Mais l’opinion commune voulait qu’elle restât dans le Hadès. Celui-ci était fermé par des portes en airain garnies de barres de fer. Les uns disaient

que l’archange Uriel briserait ces portes au dernier jour, les autres qu’elles seraient consumées dans l’incendie qui embraserait le monde. Les anges armés de fouets brûlants chasseraient alors les âmes du Hadès et les amèneraient au tribunal de Dieu.

Carm. Sybill., ii, 288 et suiv. vii, 225 et suiv. Quant aux anges déchus, ils quitteront aussi leur séjour provisoire et seront précipités en enfer. Le jugement d’Azazel et de ses démons nous est raconté par Énoch, lv, 4.

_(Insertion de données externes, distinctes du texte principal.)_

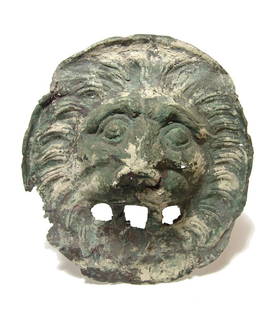 An attractive bronze facing lion head applique: An attractive bronze facing lion head applique, 2nd - 3rd Century AD, slightly oval in shape and formed from sheet bronze pounded over a wood or metal form. The applique is nicely embossed with large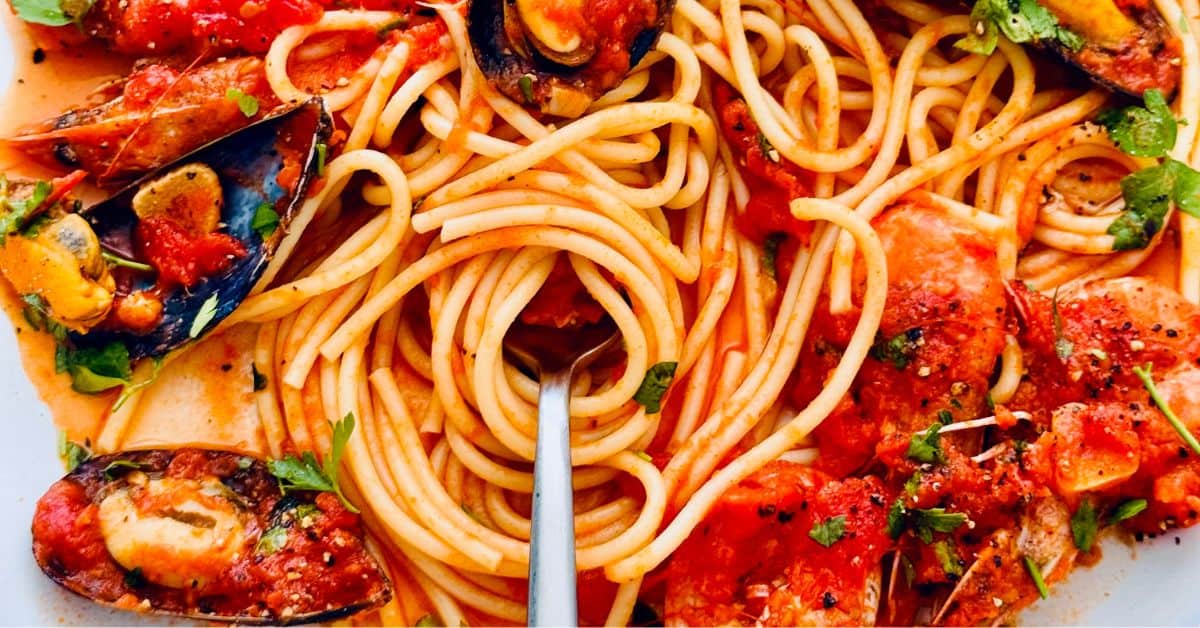 seafood marinara with a fork swirled around the spaghetti
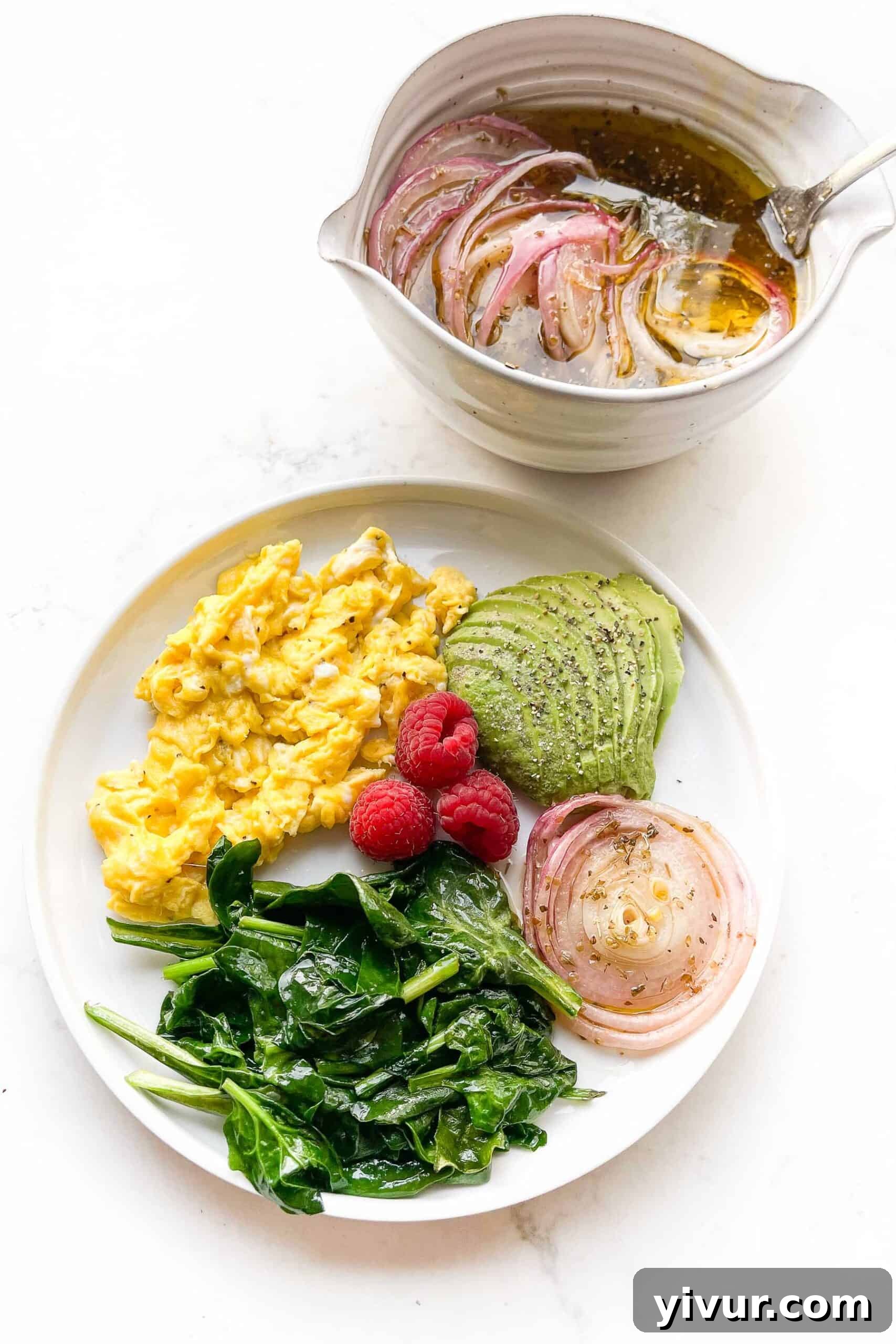 Keto Soft Scrambled Eggs with Spinach and Tangy Marinated Onions 3 Close-up view of the keto breakfast, highlighting the soft texture of the eggs, the vibrant green of the spinach, the creamy avocado, and the striking red of the marinated onions, with a few raspberries for color.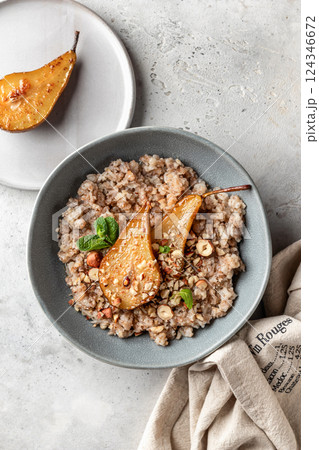 Wholegrain oatmeal porridge with caramelized pear, nuts and honey on white table, healthy food for breakfast Wholegrain oatmeal porridge with caramelized pear, nuts and honey on white table, healthy food for breakfast 124346672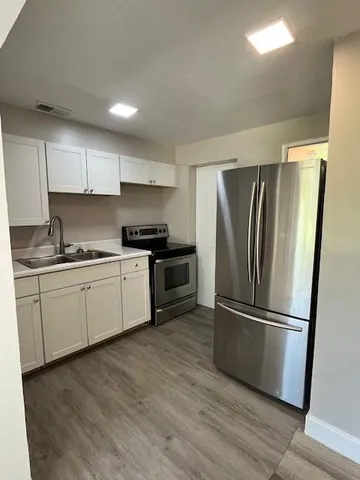 a kitchen with granite countertop stainless steel appliances a refrigerator a sink and white cabinets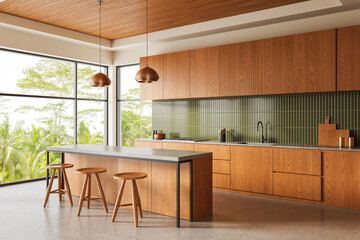 Modern wooden kitchen interior with green tile backsplash and large windows overlooking lush tropical trees and minimalist island design. 3D Rendering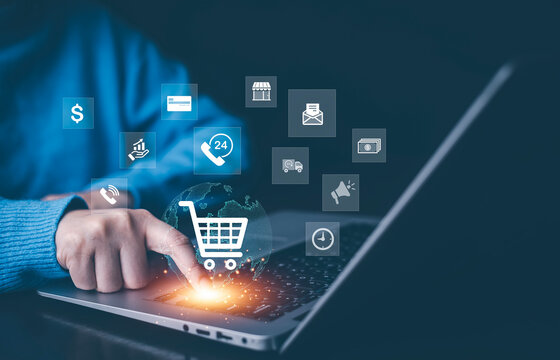 Businessman using a laptop with online shopping concept, marketplace website with virtual interface of online Shopping cart part of the network, Online shopping business with selecting shopping cart.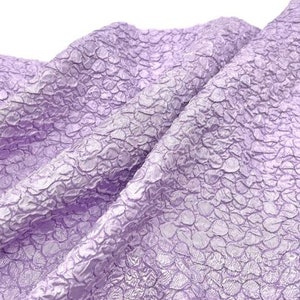 May include: A close-up of a textured, lilac fabric with a raised pattern. The fabric is soft and has a subtle sheen.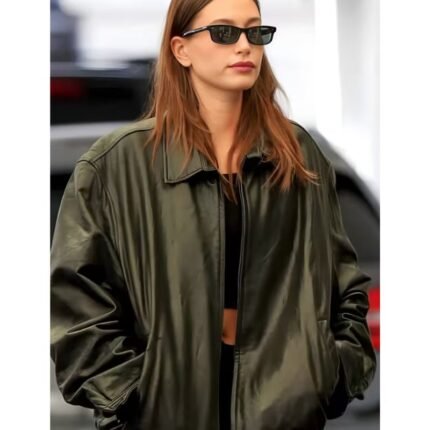 Women’s black leather jacket with front zipper fastening, shirt-style collar, and relaxed fit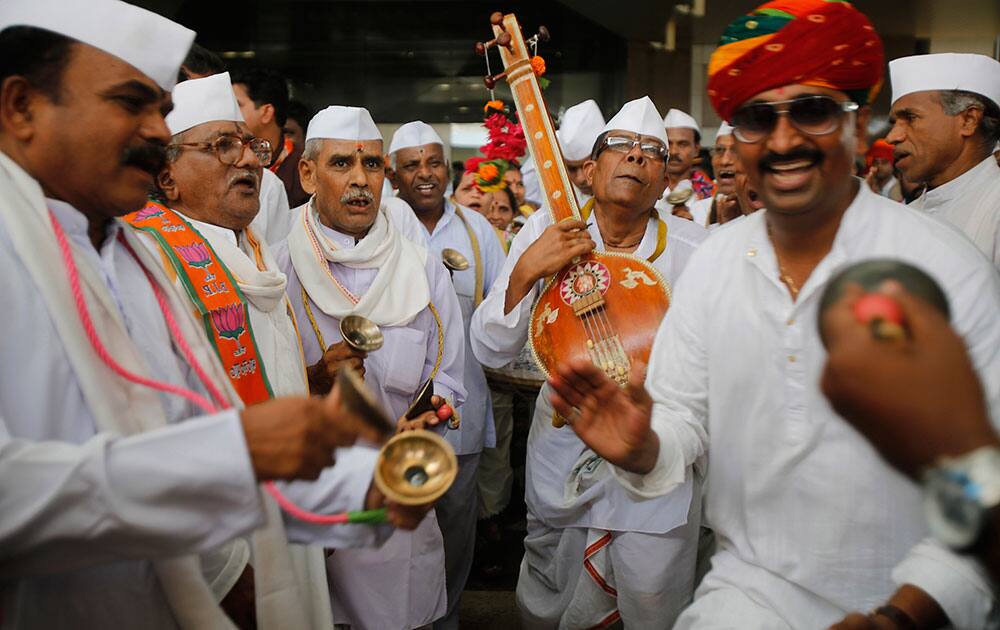 Supporters of India’s opposition Bharatiya Janata party (BJP) leader Narendra Modi sing at a public rally addressed by Modi in Mumbai, India.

Telle était là doctrine des Juifs sur le ciel et sur l’enfer. Elle n’est pas passée tout entière dans la théologie chrétienne. Celle-ci, par exemple, n’a jamais distingué le ciel du Paradis ni l’enfer du Hadès. Mais elle a toujours enseigné que le ciel était réservé aux élus et l’enfer aux damnés, et plusieurs des détails de la croyance des Juifs du premier siècle sont devenus la doctrine orthodoxe du Christianisme. Au moyen âge surtout, le peuple se représentait le monde à venir sous un aspect grossièrement réaliste. L’enfer, en particulier, avec ses fournaises ardentes et ses démons agissait puissamment sur l’imagination des masses. Les images dont on se servait alors étaient celles-là même, que le livre d’Énoch rendait populaires plus de cent ans avant l’apparition du Christianisme.